WORK INSTRUCTION:
All records, exactly as written, minus the pictures: copy them out.

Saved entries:
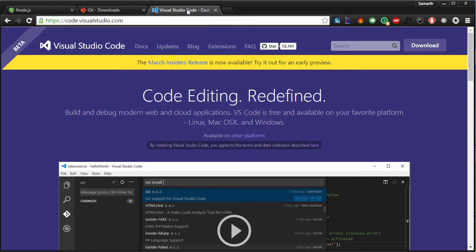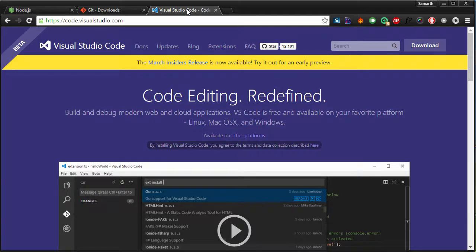So get your machine ready with these three applications: Node, Git and Visual Studio Code. In the next video, we will install Ionic and Cordova.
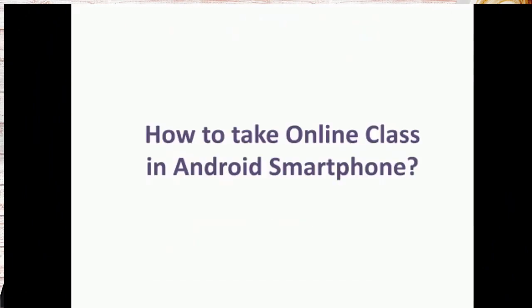Welcome you all to today's Modular Classroom. Today we are going to see how to take an online class in Android phone. In the last video we have seen how to take an online class using the desktop and laptop.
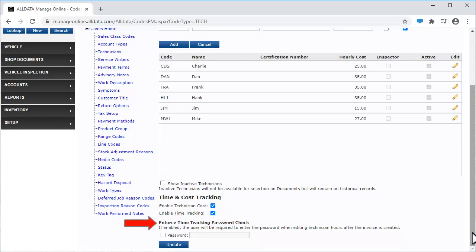Enforce Time Tracking Password Check. If enabled, the user will be required to enter the password when editing technician's hours after the invoice has been created.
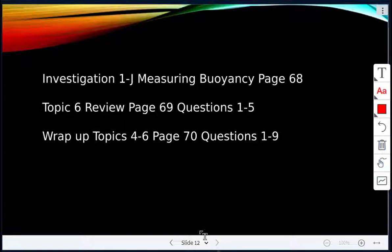We're going to stop here. You'll finish your assignment on density.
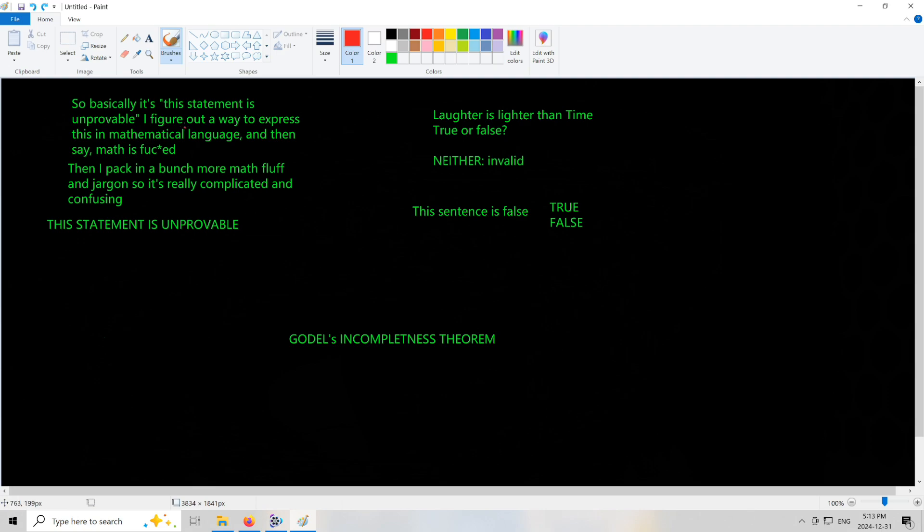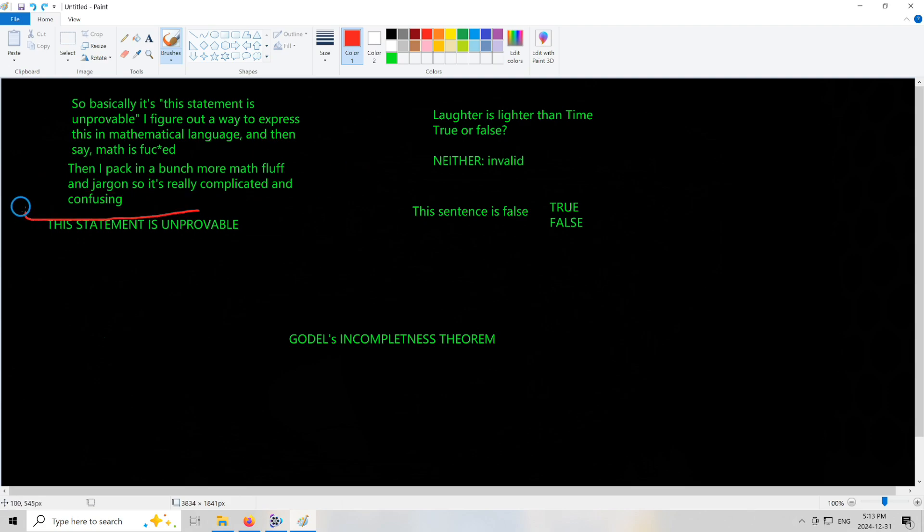So first we take 'this statement is unprovable' and we figure out how to express this in mathematical language. We can invent functions and things like this and turn a lot of logic into math. Maybe we can turn all logic into some sort of mathematical expression, though it's debatable whether you're actually doing math then. If you create like a philosophical symbol and call it mathematical language, you're actually just doing philosophy in mathematical symbols.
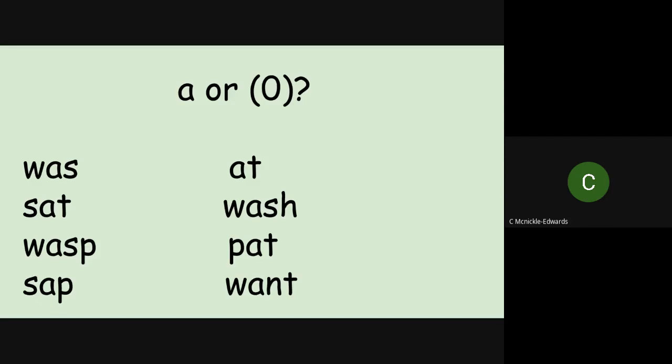And then bottom. S-A-P, SAP. Or S-O-P, SOP. So that would have the A pronunciation for SAP. And then the final word. W-A-N-T, WANT. Or W-O-N-T, WONT. So that would have the O pronunciation for WANT.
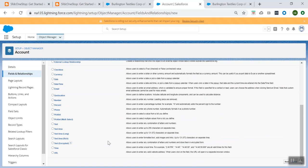I think this is what we have for today's session. I hope you got some understanding about different types of editions, what kind of licenses we have in Salesforce, different sandboxes, what is a page layout, record types, the difference between page layout and record types, and data types.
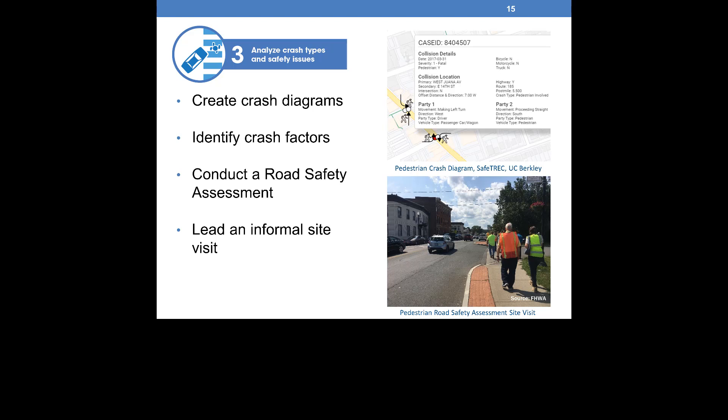Examples of contributing factors include driver yielding behavior, adjacent land use, and vehicle speed. You can also classify crashes based on the typology described by the Pedestrian Safety Guide and Countermeasure Selection System. Conducting a site visit can give you a good idea of site conditions and high-priority locations. A road safety assessment is a type of site visit which formally engages many types of stakeholders that collaborate to document safety issues and recommend improvements for priority corridors. Alternatively, you can lead an informal site visit to observe conditions in the field.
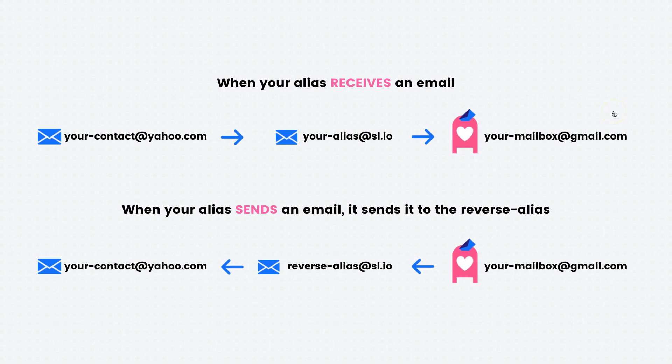Hi, today we'll show you how to send an email using your alias so the receiver will never know your actual email address.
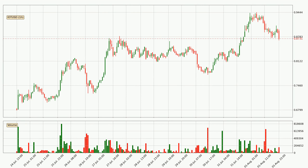Looking at the IOTA hourly time frame, the price moved down around 3.7% in the last 24 hours, with a current price of 87.3 cents. The volume was actually high, showing that this move was strong and the sellers are taking over.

RESPONSE AREA:
So get your machine ready with these three applications: Node, Git and Visual Studio Code. In the next video, we will install Ionic and Cordova.
Welcome you all to today's Modular Classroom. Today we are going to see how to take an online class in Android phone. In the last video we have seen how to take an online class using the desktop and laptop.
Enforce Time Tracking Password Check. If enabled, the user will be required to enter the password when editing technician's hours after the invoice has been created.
We're going to stop here. You'll finish your assignment on density.
So first we take 'this statement is unprovable' and we figure out how to express this in mathematical language. We can invent functions and things like this and turn a lot of logic into math. Maybe we can turn all logic into some sort of mathematical expression, though it's debatable whether you're actually doing math then. If you create like a philosophical symbol and call it mathematical language, you're actually just doing philosophy in mathematical symbols.
And then bottom. S-A-P, SAP. Or S-O-P, SOP. So that would have the A pronunciation for SAP. And then the final word. W-A-N-T, WANT. Or W-O-N-T, WONT. So that would have the O pronunciation for WANT.
I think this is what we have for today's session. I hope you got some understanding about different types of editions, what kind of licenses we have in Salesforce, different sandboxes, what is a page layout, record types, the difference between page layout and record types, and data types.
Examples of contributing factors include driver yielding behavior, adjacent land use, and vehicle speed. You can also classify crashes based on the typology described by the Pedestrian Safety Guide and Countermeasure Selection System. Conducting a site visit can give you a good idea of site conditions and high-priority locations. A road safety assessment is a type of site visit which formally engages many types of stakeholders that collaborate to document safety issues and recommend improvements for priority corridors. Alternatively, you can lead an informal site visit to observe conditions in the field.
Hi, today we'll show you how to send an email using your alias so the receiver will never know your actual email address.
Looking at the IOTA hourly time frame, the price moved down around 3.7% in the last 24 hours, with a current price of 87.3 cents. The volume was actually high, showing that this move was strong and the sellers are taking over.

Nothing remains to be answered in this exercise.